§ PROBLEM STATEMENT:
Give the data again exactly as written, skipping any pictures.

§ PROVIDED MATERIAL:
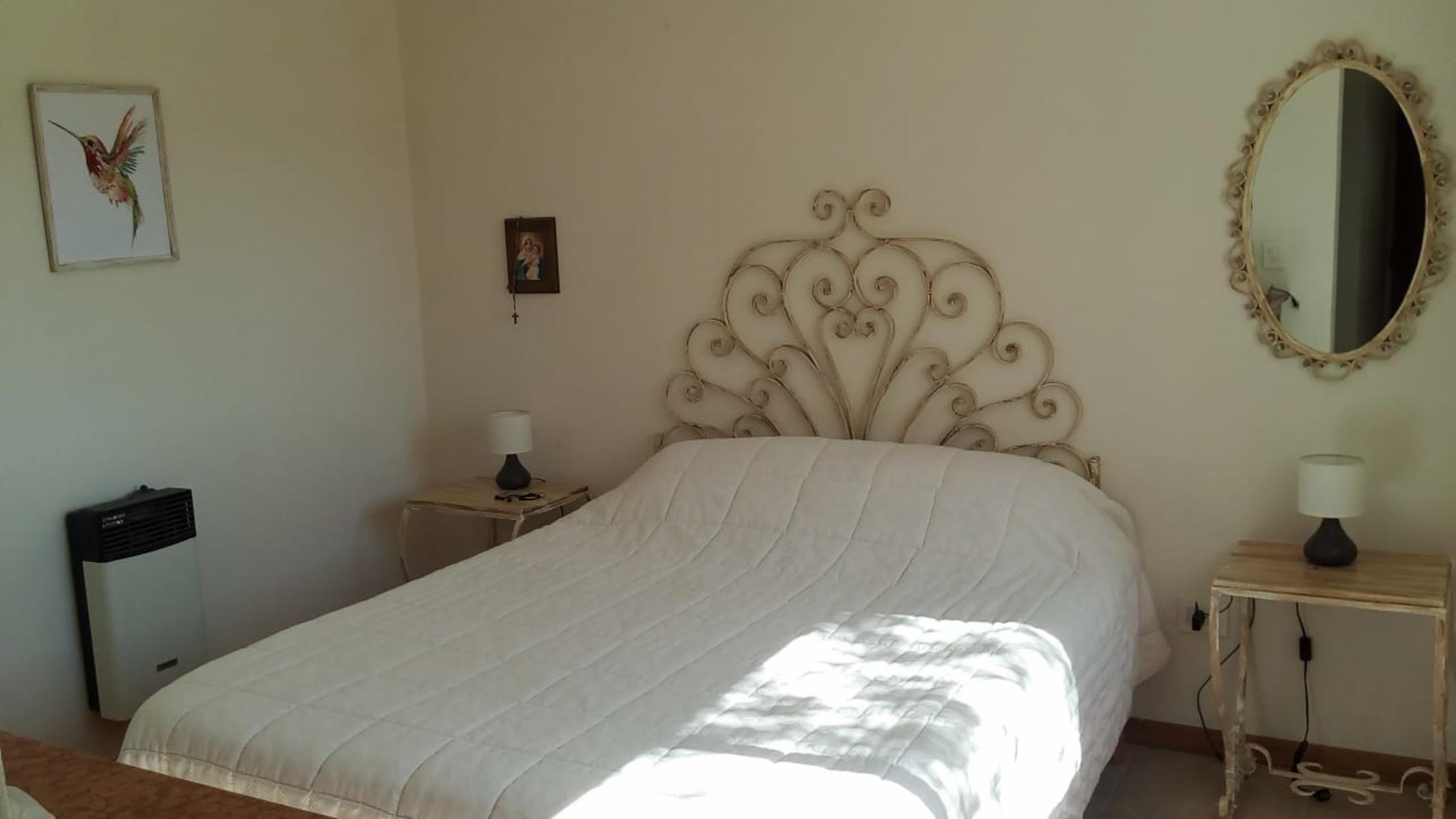 MUY LINDO CHALET. EN TANTI. PARA 4/5 PERSONAS. PILETA. PATIO. VISTA A LAS SIERRAS — foto 15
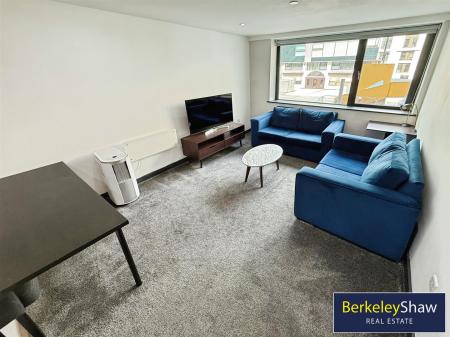 Open Plan Lounge Kitchen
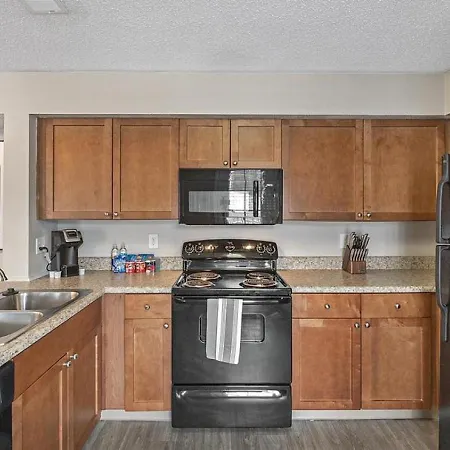 Landing Modern With Amazing Amenities Nashville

§ SOLUTION TO THE EXERCISE:
 MUY LINDO CHALET. EN TANTI. PARA 4/5 PERSONAS. PILETA. PATIO. VISTA A LAS SIERRAS — foto 15
 Open Plan Lounge Kitchen
 Landing Modern With Amazing Amenities Nashville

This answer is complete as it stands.